The Marriage Act and the Matrimonial Causes Act were not designed to encourage conflict. They were designed to regulate, protect, and preserve an institution that has shaped families, communities, and generations. Divorce was never intended to be the goal of marriage; it was a humane exit, a last resort for unbearable situations, not a plan from the beginning.
And yet, society has inverted this logic. We no longer marry to build; we marry with divorce already in mind. We marry to prove something: to assert independence, to claim victory, to secure advantage. We calculate: who keeps the house, who gains custody, who emerges financially ahead. The law, meant to protect the vulnerable, is weaponised as a tool for strategy, not shelter.
But marriage is not a game.

Marriage was meant for partners, not adversaries. It was meant for builders, not destroyers. It was meant for shared responsibility, not unilateral dominance. Men and women did not enter this union to prove who is stronger, smarter, or braver. We entered it to build together, to endure together, and to thrive together.
So why have we turned the institution into a war zone? Why do we measure contributions like scores, or assume that responsibility should fall on one while the other observes? Why enter marriage with ill manners, pride, and selfish intent? What happiness are we searching for outside the home that we cannot create within it?
In a ship, one person leads, and another helps. Leadership and support are distinct roles, but both are vital. Pride often confuses this balance: the helper grows eager to lead, and the leader may abandon the helm when challenged. Both betray the partnership when they overstep or withdraw.

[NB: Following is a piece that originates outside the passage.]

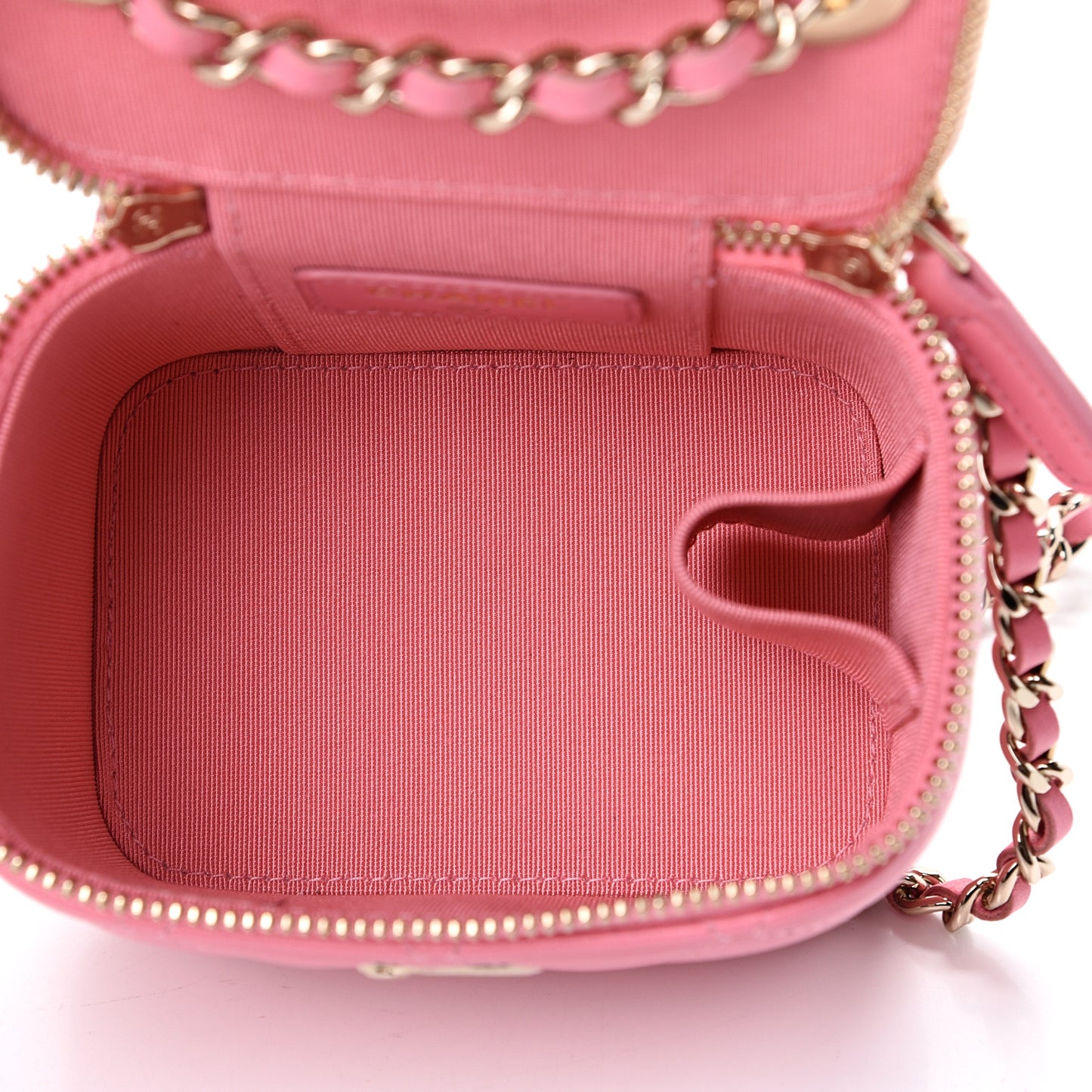 Lambskin Quilted Mini Vanity Case With Chain Pale Pink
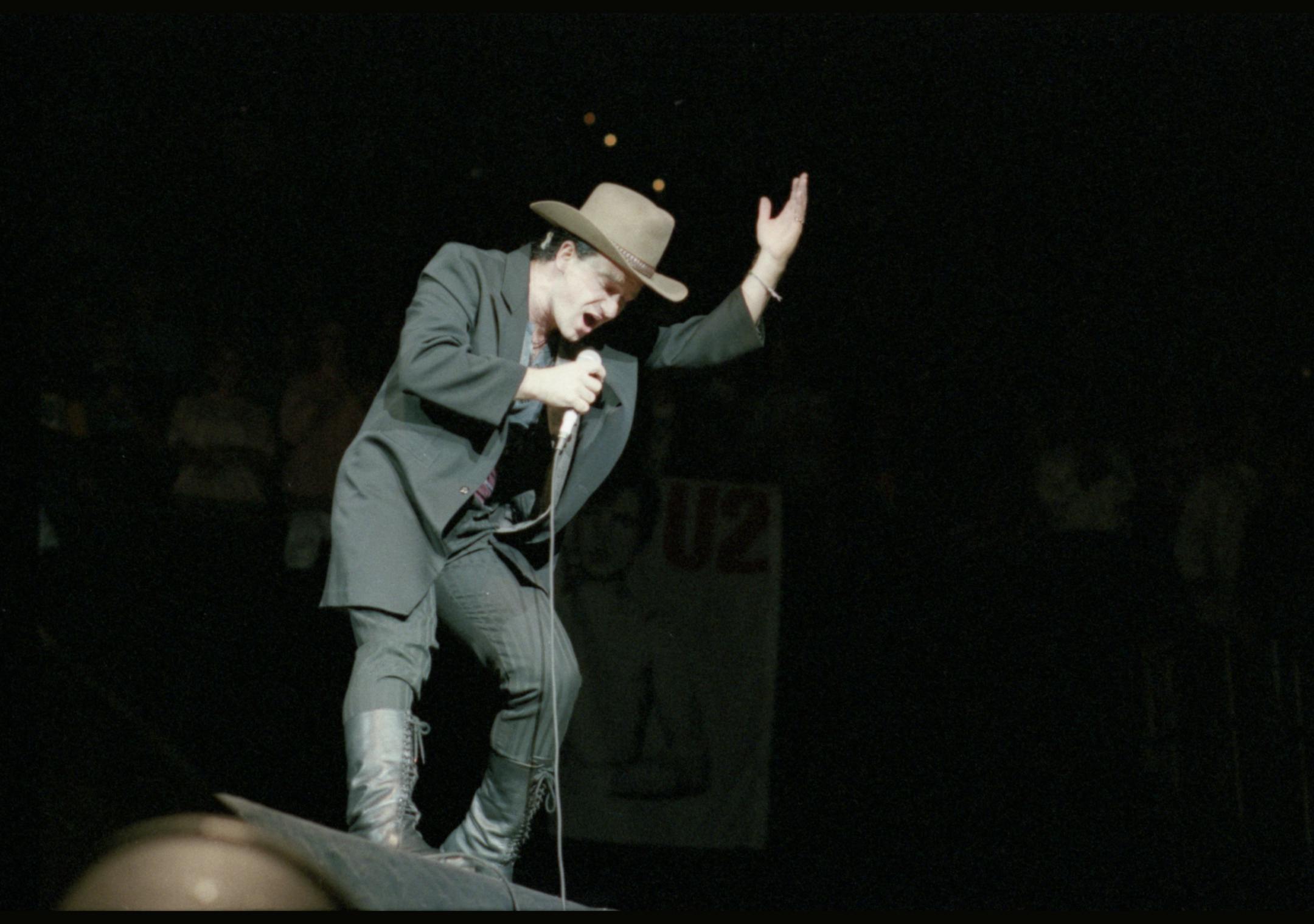 A file photo showing Bono on the "Joshua Tree" tour at the St. Paul Civic Center in 1987.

Marriage works the same way:
The leader must lead, take responsibility, make decisions, and safeguard the home.
The helper must support, encourage, strengthen, and care without assuming the leadership role.
Neither should mock the other. Arrogance and ego have no place here. A helper unwilling to be guided should not enter the institution. A leader unwilling to carry responsibility should stay away. Children, the living proof of marriage, are nurtured by both, in love, in unison, and with shared purpose.

Divorce was meant to protect dignity, not reward ambition or greed. The law did not create the battlefield; our pride and impatience did. A society that marries expecting divorce will destroy both marriage and the moral foundation of the law meant to save it.
If you want to travel fast, go alone. But if you want to travel far, carry your family with you. Support each other’s dreams. Celebrate each other’s victories. Share the burdens, the joys, and the responsibilities. Enter marriage with purpose, vision, and love, not ego, competition, or calculation.

Marriage is a covenant, a partnership, a shared journey, not a chessboard for dominance or a stage for mockery. Until we understand that, no law, no statute, no court ruling can save it from becoming the very battlefield we mistakenly imagine it to be.
Marriage is not about winning. It is about building together, enduring together, and creating a home where love, purpose, and partnership reign supreme.